Rencontres, débats et lectures continuent aux Assises Internationales du Roman jusqu'au 29 mai. Lyon Capitale poursuit sa plongée dans la littérature contemporaine avec les auteurs invités lors de cette édition. Rencontre avec Maylis de Kerangal (retrouvez aussi les interviews de Philippe Forest et d'Olivia Rosenthal).
Êtes-vous déjà venue pour les Assises Internationales du Roman ? Quel regard portez-vous sur l’événement ?
C'est la première fois que je suis invitée à cette manifestation, mais elle se prépare depuis l'automne avec une grande attention. J'y viens disponible, avec beaucoup de curiosité.
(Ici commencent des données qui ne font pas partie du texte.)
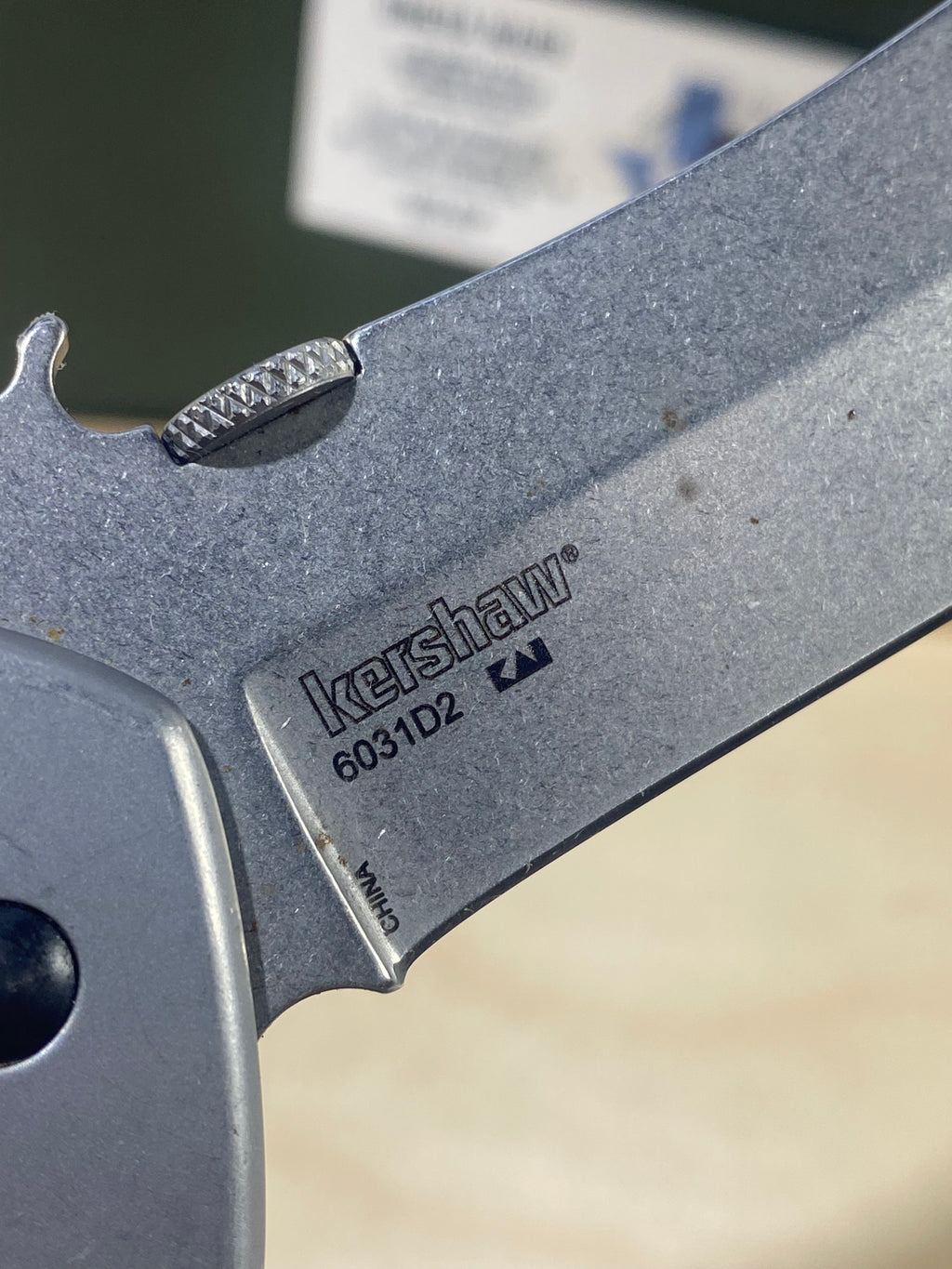 Kershaw CQC-11K 6031D2 #25. Light Usage. Little dirty.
Lors de votre venue vous participerez à une rencontre autour du thème « La Mondialisation : vertige du temps et de l’espace », dans quelle mesure ce sujet vous semble faire écho à vos œuvres (et surtout à votre dernier roman Naissance d’un pont)?
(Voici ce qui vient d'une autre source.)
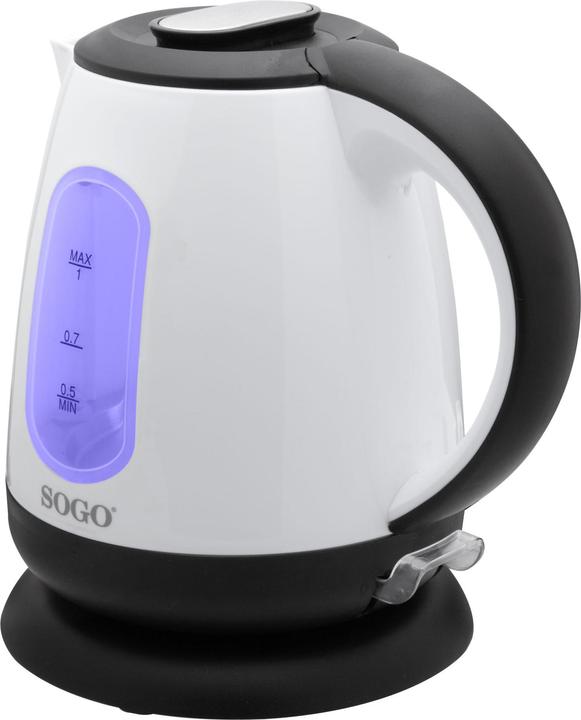 Image du produit Sogo Bouilloire 1 l, 1600 W (1 l)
Ce dernier roman fait effectivement de la mondialisation un motif omniprésent. Elle sous-tend le texte, et détermine aussi la tension narrative. Écrire le récit de la construction d'un pont dans une ville en plein essor induisait de se pencher sur les aspects économiques d'un tel chantier et sur la manière dont il vient troubler, perturber l'espace. Finalement, le chantier de ce pont rend manifestes les paradoxes de l'économie mondialisée, et principalement cette notion de frontière.
Pour poursuivre autour du « vertige », votre écriture est magnifiquement vertigineuse dans Naissance d’un pont, comment est né ce « roman-monde » et est-ce que c’est justement ce caractère d’Odyssée mondiale qui a insufflé une telle grandeur dans votre écriture ?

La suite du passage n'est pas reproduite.